Worth noting: This is all closely related to the Catalan Numbers. Indeed, the integrality of those at least implies that $121$ divides your number. A cheap (but unintuitive) proof of that can be obtained via the (easily proven) general relation $$\binom {2n}n- \binom {2n}{n+1}=\frac 1{n+1}\binom {2n}n$$ (you would still have to show that your number was even).
Here's a direct proof:
de polignac's formula is very useful for problems like this. It tells us that, for a prime $p$, $$v_p(n!)=\sum_{i=1}^{\infty} \Bigg \lfloor \frac n{p^i}\Bigg \rfloor$$
Where, as usual, $v_p(m)$ denotes the greatest power of $p$ which divides $m$.

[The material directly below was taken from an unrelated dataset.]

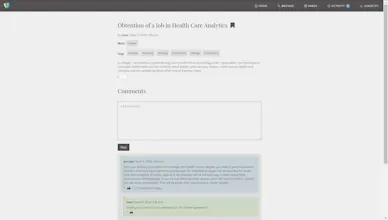 JunoCity gallery image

Now, you are interested in $$\alpha=\frac {240!}{(120!)^2}$$
Noting that $242=2\times 11^2$ we compute $$v_2(240!)=237\quad \& \quad v_2(120!)=116$$
Since $237>2\times 116$ we see that $\alpha$ is even. Indeed, $$v_2(\alpha)=237-2\times 116=5$$
We also compute $$v_{11}(240!)=22\quad \&\quad v_{11}(120!)=10$$
which implies $$v_{11}(\alpha)=22-2\times 10=2$$ and we are done.